You wake up in the morning, and your ears are ringing. This is weird because they weren’t doing that last night. So you begin thinking about likely causes: lately, you’ve been keeping your music at a moderate volume and you haven’t been working in a loud environment. But you did take some aspirin for your headache before bed.
Might it be the aspirin?
And that idea gets your mind going because perhaps it is the aspirin. You feel like you recall hearing that certain medications can bring about tinnitus symptoms. Is one of those medicines aspirin? And does that mean you should quit using aspirin?
What’s The Relationship Between Tinnitus And Medications?
The long standing rumor has associated tinnitus symptoms with numerous medications. But those rumors aren’t exactly what you’d call well-founded.
The common notion is that tinnitus is widely seen as a side effect of a diverse range of medicines. But the reality is that only a few medications lead to tinnitus symptoms. So why do so many people believe tinnitus is such a common side effect? Well, there are a couple of theories:
- The affliction of tinnitus is fairly common. Chronic tinnitus is a problem for as many as 20 million people. Some coincidental timing is inevitable when that many individuals suffer with tinnitus symptoms. Enough individuals will begin taking medications around the same time that their unrelated tinnitus starts to act up. Because the timing is, coincidentally, so close, people make some erroneous (but understandable) assumptions about cause-and-effect.
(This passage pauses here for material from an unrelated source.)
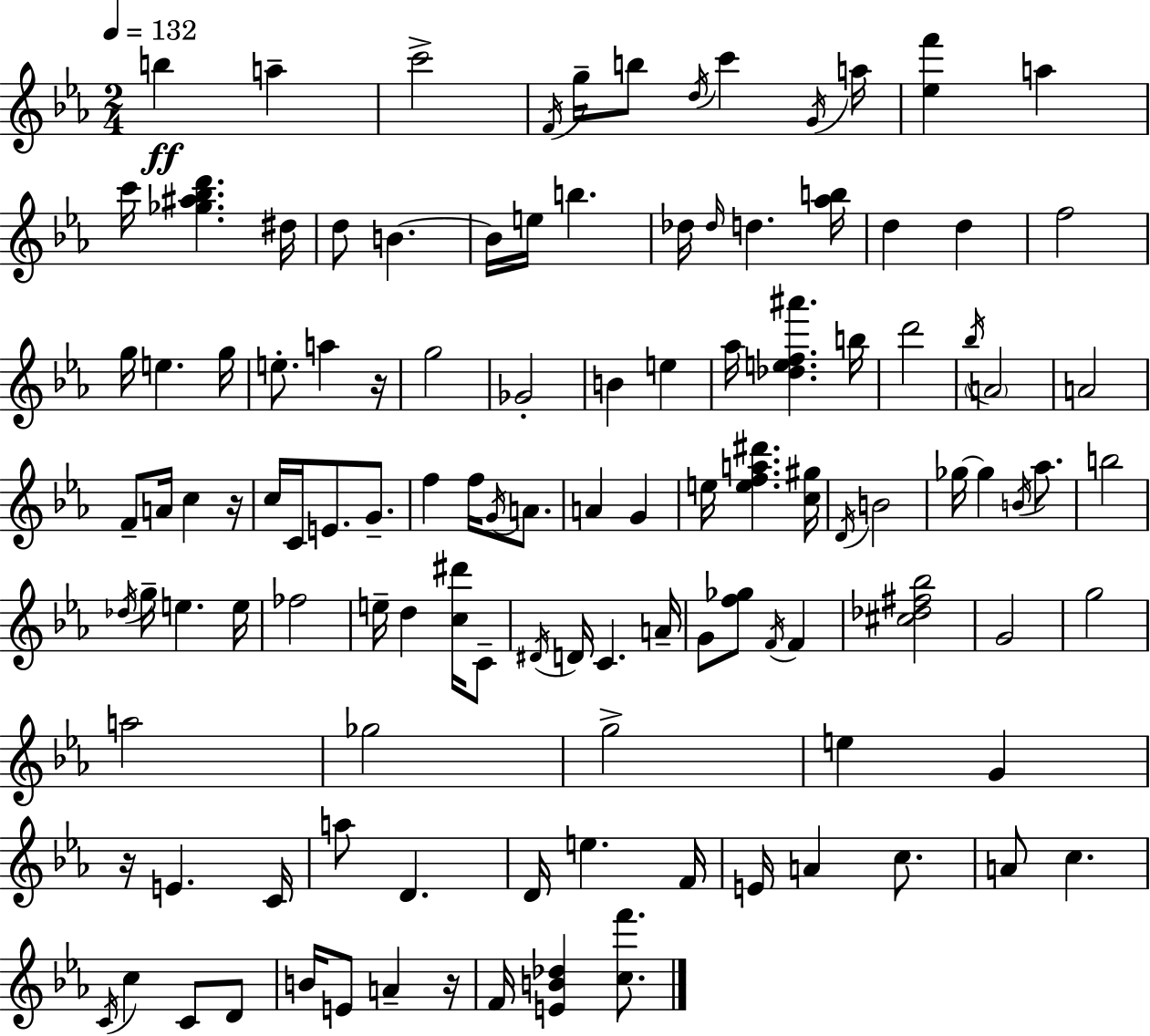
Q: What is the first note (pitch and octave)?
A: B5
- Beginning a new medicine can be stressful. Or, in some instances, it’s the underlying cause, the thing that you’re taking the medication to fix, that is stressful. And stress is a common cause of (or exacerbator of) tinnitus symptoms. So it’s not medicine causing the tinnitus. The whole experience is stressful enough to cause this type of confusion.
- Many medicines can affect your blood pressure, which also can affect tinnitus.
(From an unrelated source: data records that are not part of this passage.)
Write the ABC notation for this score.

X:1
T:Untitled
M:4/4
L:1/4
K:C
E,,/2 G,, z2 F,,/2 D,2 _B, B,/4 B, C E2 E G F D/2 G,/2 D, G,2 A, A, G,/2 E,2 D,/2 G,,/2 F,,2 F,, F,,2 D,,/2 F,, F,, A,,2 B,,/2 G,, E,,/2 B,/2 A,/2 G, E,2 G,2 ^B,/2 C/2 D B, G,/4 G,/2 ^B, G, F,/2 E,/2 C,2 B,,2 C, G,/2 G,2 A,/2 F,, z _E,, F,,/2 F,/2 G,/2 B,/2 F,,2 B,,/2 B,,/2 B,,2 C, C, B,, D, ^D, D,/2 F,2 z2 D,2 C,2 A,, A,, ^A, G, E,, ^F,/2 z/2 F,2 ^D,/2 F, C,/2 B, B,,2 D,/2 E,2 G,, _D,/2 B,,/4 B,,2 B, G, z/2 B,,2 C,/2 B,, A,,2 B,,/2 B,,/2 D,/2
Which Medications Can Trigger Tinnitus?
There are a few medicines that do have a well-founded (that is, scientifically established) cause-and-effect connection with tinnitus.
Powerful Antibiotics And The Tinnitus Link
There are a few antibiotics that have ototoxic (ear harming) properties. Known as aminoglycosides, these antibiotics are quite powerful and are usually saved for extreme situations. High doses tend to be avoided because they can result in damage to the ears and bring about tinnitus symptoms.
Medicines For High Blood Pressure
Diuretics are commonly prescribed for people who have hypertension (high blood pressure). Some diuretics have been known to trigger tinnitus-like symptoms, but usually at substantially higher doses than you might typically encounter.
Ringing in The Ears Can be Trigger by Taking Aspirin
And, yes, the aspirin could have been what triggered your tinnitus. But here’s the thing: Dosage is once again extremely significant. Generally speaking, tinnitus occurs at extremely high dosages of aspirin. The dosages you would take for a headache or to manage heart disease aren’t usually big enough to trigger tinnitus. But when you stop taking high doses of aspirin, fortunately, the ringing tends to disappear.
Consult Your Doctor
There are some other medicines that might be capable of triggering tinnitus. And there are also some odd medicine combinations and interactions that may generate tinnitus-like symptoms. So consulting your doctor about any medication side effects is the best strategy.
That said, if you start to experience buzzing or ringing in your ears, or other tinnitus-like symptoms, have it checked out. It’s hard to say for certain if it’s the medication or not. Tinnitus is also strongly connected to hearing loss, and some treatments for hearing loss (like hearing aids) can help.